Records from a dataset ->

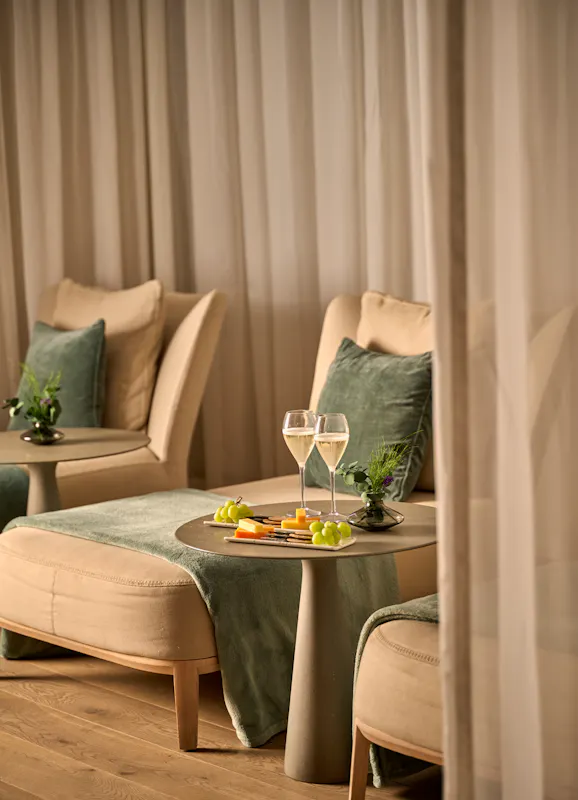 The Westin London City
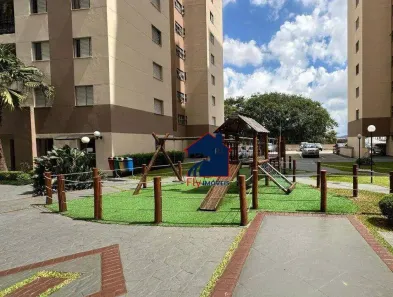 Apartamento com 3 Quartos à venda, 65m² no City América, São Paulo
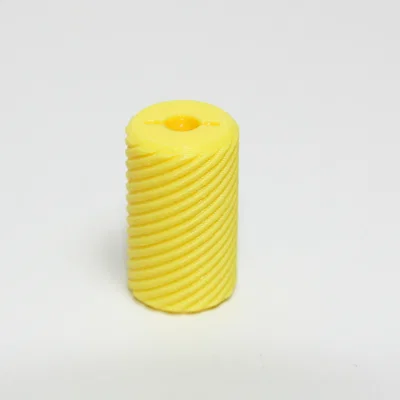 Adapter Ống PTFE 6 mm sang 4 mm cho PolyDryer Box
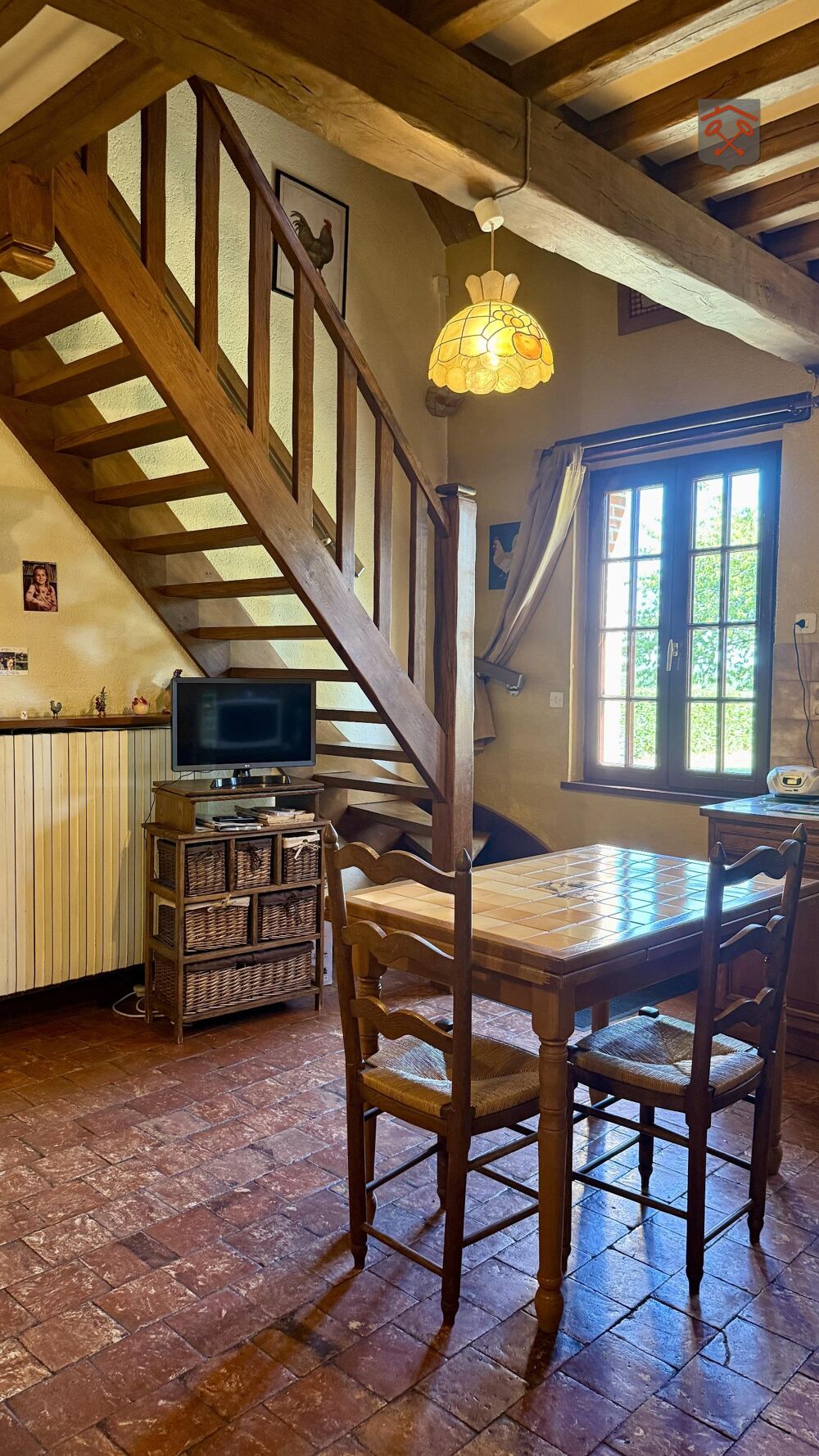vente Maison - 5 pièce(s) - 110 m² L'Aigle (61300)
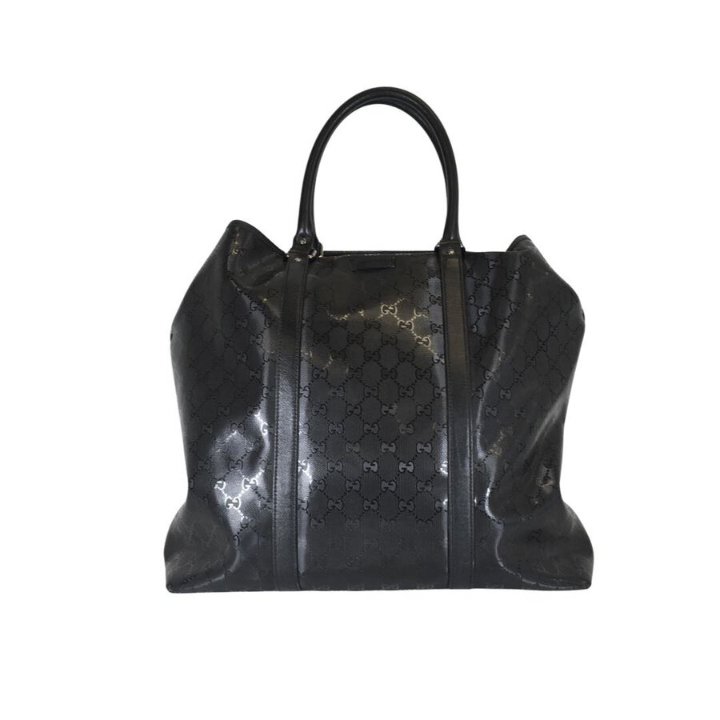 Gucci imprime tote sale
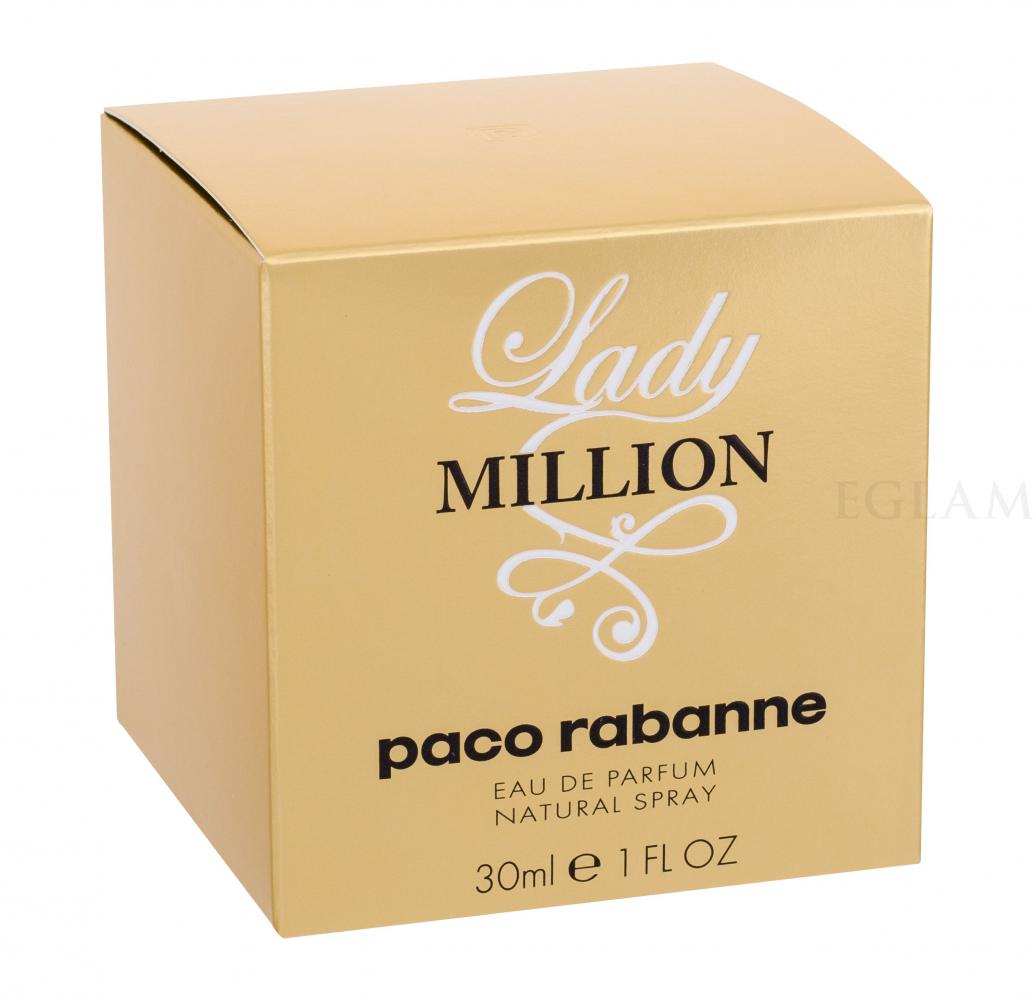 Paco rabanne текст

What you will do -> Where a record holds a picture, leave the picture out and restate the rest word for word.

Task result ->
 The Westin London City
 Apartamento com 3 Quartos à venda, 65m² no City América, São Paulo
 Adapter Ống PTFE 6 mm sang 4 mm cho PolyDryer Box
vente Maison - 5 pièce(s) - 110 m² L'Aigle (61300)
 Gucci imprime tote sale
 Paco rabanne текст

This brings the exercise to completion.